Tang’s comments came after some people complained about a decision to instruct people taking part in a march protesting against reclamation plans in Tseung Kwan O last week to wear numbered badges, to ensure compliance with a limit on the size of the event.
…unfortunately some people stirred up other’s emotions and smeared the government on purpose,” he added.
“I believe some of those people aim to incite discontent and hatred against the government, in a bid to endanger national security and make Hong Kong no longer peaceful.”
The US State Dept’s annual Hong Kong report contains a long list of developments in what was a busy NatSec year, including arrests of people who allegedly ‘incite discontent and hatred etc’…

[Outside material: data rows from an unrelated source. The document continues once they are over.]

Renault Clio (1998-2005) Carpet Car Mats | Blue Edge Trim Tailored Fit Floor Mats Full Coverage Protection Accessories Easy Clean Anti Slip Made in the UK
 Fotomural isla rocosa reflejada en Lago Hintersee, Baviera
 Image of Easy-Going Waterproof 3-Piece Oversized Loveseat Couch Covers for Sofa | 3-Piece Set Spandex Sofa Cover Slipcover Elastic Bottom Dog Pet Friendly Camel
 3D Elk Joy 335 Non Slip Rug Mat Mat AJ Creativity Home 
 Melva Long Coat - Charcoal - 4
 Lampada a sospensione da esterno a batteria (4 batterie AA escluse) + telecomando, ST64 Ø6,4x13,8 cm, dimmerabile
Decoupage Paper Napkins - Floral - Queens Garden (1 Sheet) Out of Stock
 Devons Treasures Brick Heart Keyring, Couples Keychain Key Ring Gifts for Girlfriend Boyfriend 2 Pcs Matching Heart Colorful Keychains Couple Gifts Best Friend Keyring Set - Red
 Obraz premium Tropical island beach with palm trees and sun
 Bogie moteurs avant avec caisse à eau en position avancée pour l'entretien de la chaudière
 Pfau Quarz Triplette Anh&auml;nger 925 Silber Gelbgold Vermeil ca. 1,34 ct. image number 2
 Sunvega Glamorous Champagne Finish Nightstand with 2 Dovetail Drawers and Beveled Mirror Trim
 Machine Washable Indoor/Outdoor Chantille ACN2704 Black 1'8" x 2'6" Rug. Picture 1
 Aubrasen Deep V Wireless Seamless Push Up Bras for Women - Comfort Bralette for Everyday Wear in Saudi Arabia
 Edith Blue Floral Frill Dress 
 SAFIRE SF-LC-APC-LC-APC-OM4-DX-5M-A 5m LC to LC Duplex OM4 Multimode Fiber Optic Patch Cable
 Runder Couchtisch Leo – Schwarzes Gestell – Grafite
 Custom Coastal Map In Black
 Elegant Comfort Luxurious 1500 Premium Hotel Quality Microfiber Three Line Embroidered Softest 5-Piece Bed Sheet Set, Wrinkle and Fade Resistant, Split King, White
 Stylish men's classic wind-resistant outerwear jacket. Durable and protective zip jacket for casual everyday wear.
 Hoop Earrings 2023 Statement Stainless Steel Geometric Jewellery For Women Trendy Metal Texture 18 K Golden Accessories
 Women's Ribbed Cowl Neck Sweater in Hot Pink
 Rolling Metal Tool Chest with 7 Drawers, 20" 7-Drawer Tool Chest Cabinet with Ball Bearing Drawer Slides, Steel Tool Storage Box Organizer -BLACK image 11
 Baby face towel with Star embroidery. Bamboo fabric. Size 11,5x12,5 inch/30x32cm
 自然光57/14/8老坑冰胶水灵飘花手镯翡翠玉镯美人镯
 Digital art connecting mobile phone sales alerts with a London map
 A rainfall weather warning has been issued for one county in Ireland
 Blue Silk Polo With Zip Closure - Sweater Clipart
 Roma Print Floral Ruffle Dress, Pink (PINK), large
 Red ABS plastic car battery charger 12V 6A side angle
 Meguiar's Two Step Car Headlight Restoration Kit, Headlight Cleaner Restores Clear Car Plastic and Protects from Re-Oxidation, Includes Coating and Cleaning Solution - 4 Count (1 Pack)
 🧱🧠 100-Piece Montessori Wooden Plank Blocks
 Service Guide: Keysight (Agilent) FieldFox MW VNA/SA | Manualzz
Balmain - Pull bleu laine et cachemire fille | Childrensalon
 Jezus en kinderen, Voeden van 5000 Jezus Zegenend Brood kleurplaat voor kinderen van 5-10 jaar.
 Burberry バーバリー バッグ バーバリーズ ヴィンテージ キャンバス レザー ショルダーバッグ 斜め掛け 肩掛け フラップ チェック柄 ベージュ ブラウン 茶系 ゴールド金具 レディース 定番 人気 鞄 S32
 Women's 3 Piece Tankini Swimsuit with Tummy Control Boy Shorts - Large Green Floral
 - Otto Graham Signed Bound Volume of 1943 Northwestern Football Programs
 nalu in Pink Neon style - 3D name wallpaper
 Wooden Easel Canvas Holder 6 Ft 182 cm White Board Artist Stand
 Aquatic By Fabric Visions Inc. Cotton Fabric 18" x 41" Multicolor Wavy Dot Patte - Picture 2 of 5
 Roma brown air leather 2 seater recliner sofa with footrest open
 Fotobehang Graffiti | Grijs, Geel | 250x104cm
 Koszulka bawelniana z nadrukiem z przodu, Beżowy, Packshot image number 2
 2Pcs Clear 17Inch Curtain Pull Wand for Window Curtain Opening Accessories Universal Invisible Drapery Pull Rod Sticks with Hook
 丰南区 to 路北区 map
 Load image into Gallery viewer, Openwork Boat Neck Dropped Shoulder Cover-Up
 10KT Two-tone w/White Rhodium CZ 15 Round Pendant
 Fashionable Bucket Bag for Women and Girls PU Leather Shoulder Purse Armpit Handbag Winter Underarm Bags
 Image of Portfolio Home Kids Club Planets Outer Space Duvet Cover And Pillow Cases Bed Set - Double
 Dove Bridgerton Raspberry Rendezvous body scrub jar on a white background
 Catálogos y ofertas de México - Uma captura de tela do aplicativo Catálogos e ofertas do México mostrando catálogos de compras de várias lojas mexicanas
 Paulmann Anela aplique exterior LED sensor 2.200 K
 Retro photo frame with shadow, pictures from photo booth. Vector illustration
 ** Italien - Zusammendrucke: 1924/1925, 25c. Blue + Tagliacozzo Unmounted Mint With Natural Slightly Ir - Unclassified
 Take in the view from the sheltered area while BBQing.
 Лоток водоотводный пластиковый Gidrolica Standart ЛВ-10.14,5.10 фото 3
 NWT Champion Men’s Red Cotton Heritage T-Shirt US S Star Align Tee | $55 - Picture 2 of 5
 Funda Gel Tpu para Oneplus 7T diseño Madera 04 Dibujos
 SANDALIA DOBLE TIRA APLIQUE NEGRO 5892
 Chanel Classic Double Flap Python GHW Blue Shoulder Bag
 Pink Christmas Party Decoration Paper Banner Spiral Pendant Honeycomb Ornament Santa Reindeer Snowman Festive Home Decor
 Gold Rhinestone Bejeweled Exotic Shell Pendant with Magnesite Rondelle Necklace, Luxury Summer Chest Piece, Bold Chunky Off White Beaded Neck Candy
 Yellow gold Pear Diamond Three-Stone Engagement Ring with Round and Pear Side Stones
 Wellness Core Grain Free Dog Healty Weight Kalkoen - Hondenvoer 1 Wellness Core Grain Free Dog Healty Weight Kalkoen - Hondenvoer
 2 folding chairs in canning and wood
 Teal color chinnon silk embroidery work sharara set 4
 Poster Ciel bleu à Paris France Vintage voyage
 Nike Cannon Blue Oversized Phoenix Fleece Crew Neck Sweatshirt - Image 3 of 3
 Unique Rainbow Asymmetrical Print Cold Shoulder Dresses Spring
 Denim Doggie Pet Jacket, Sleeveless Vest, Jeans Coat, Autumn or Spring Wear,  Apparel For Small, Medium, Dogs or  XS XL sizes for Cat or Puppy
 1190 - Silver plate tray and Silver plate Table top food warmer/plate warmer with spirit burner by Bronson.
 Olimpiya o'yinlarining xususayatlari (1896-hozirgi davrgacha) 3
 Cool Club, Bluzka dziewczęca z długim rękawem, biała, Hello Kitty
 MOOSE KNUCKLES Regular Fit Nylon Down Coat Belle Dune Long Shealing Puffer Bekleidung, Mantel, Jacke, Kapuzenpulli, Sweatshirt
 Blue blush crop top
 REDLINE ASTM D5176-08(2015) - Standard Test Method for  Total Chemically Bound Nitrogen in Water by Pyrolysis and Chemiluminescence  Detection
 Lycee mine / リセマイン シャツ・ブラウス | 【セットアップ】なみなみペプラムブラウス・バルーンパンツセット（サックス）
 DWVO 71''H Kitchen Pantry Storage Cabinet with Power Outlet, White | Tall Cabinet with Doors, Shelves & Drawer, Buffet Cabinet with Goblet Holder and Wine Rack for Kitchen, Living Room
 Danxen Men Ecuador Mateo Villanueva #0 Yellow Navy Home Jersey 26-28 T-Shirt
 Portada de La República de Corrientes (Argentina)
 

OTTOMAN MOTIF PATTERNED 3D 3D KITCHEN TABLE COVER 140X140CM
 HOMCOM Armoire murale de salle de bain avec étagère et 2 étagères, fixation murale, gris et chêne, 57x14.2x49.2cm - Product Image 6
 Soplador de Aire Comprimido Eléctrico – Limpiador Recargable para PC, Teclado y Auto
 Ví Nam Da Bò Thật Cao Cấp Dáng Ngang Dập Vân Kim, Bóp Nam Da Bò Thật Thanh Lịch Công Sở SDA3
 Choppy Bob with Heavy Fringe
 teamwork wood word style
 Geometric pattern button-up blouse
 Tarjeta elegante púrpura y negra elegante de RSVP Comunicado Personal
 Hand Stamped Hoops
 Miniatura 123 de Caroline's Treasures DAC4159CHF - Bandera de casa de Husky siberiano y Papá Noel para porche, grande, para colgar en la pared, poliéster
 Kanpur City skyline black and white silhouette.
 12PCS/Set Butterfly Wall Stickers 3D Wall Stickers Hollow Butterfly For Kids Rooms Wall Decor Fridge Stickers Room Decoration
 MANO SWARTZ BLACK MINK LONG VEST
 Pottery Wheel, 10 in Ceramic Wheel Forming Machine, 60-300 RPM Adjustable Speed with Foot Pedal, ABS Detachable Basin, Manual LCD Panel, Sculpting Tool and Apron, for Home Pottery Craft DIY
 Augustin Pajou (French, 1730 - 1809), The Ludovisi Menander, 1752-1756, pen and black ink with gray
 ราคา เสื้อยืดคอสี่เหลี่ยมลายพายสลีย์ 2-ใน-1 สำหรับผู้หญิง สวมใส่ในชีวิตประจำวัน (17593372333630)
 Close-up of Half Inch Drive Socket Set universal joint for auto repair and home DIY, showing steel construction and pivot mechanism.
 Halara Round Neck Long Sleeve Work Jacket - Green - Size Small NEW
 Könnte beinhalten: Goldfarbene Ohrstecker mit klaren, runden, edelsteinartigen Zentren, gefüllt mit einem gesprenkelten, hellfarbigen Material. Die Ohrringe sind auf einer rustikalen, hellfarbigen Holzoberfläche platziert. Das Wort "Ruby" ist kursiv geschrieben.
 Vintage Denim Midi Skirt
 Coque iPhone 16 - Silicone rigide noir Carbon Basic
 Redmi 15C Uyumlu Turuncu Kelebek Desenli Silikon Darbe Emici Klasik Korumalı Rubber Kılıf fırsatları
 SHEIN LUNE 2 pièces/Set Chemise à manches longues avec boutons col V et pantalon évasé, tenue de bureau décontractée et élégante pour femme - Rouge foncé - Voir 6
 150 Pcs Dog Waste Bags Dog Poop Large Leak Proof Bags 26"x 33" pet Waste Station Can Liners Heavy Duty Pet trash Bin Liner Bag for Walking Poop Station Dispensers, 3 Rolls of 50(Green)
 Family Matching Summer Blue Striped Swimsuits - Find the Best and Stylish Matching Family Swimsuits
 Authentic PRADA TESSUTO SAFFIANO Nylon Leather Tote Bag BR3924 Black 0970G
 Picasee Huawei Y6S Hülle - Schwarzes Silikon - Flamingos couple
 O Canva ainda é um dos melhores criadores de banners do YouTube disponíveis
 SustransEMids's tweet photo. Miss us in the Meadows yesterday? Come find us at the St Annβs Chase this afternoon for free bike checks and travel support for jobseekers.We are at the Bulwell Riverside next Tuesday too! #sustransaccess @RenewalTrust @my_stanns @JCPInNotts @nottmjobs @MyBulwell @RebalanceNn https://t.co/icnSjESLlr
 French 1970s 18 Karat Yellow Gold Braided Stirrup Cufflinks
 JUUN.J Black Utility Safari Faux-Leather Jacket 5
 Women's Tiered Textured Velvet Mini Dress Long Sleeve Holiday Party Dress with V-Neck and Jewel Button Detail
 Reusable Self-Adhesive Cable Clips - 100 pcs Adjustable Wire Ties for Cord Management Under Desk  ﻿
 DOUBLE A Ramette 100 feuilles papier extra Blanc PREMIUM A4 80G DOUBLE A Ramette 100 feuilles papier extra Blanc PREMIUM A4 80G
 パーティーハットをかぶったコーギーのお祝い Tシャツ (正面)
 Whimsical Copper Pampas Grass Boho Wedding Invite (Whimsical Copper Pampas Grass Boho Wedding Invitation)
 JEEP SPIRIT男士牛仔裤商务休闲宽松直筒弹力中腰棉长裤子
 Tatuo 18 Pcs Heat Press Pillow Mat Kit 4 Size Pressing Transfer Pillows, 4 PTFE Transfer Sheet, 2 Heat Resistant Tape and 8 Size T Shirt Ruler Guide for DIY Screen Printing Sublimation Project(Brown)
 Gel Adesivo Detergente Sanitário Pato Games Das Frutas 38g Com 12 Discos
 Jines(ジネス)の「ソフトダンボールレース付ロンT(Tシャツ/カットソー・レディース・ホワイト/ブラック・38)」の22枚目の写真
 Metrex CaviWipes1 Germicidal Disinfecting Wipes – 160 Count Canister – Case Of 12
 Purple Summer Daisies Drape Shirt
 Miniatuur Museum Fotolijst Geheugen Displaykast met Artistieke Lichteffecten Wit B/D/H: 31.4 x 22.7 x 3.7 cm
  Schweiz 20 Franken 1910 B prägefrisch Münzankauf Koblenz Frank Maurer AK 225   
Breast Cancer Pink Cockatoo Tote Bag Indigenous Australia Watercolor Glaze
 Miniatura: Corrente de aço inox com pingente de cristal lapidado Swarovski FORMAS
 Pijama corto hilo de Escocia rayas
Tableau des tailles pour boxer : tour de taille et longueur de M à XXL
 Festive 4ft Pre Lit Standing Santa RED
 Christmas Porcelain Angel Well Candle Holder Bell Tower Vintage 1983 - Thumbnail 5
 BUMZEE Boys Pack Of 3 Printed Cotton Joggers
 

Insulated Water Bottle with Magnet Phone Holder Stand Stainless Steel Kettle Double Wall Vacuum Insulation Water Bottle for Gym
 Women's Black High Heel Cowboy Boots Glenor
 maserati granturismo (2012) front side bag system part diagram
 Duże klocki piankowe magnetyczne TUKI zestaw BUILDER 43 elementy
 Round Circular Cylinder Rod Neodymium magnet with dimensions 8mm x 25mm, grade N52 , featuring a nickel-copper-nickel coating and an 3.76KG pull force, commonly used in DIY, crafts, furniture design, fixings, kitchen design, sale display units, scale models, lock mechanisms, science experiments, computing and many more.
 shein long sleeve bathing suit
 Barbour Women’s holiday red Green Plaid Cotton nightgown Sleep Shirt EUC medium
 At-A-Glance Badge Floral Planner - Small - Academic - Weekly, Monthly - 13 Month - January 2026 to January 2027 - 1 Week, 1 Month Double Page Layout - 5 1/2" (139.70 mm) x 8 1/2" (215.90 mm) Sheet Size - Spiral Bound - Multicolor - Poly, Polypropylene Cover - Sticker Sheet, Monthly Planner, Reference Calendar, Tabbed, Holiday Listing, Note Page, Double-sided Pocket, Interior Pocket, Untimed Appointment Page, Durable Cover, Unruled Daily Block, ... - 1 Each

There remain differences between Hong Kong and mainland China in some areas, including commercial and trade policy, internet freedoms, and freedom of religion, but PRC and Hong Kong authorities continued to use “national security” as a broad and vague basis to undermine the rule of law and protected rights and freedoms…
A spokesman for the HKSAR Government said, “The HKSAR Government strongly disapproves of and firmly rejects the slandering remarks and ill-intentioned attacks in the US’ so-called 2023 Hong Kong Policy Act Report against Hong Kong where the ‘one country, two systems’ principle is successfully implemented … Through the so-called annual report, the US once again made fact-twisting remarks, with politics overriding the rule of law, about Hong Kong and interfered in Hong Kong affairs which are China’s internal affairs. The US’ attempt to undermine the stability and prosperity of Hong Kong will only expose its own weakness and faulty arguments and be doomed to fail.
The plucky TST Star Ferry pier does its bit.
Samuel Bickett thread on how the Gay Games organizers have embraced/been embraced by the likes of Regina Ip and Allan Zeman. (Patriots can be gay too.)
An HKFP op-ed examines the new protest restrictions, and another asks why journalists need to tell ‘good’ Hong Kong stories. Which brings us back to where we came in: if you don’t want to be criticized, stop doing things that invite criticism.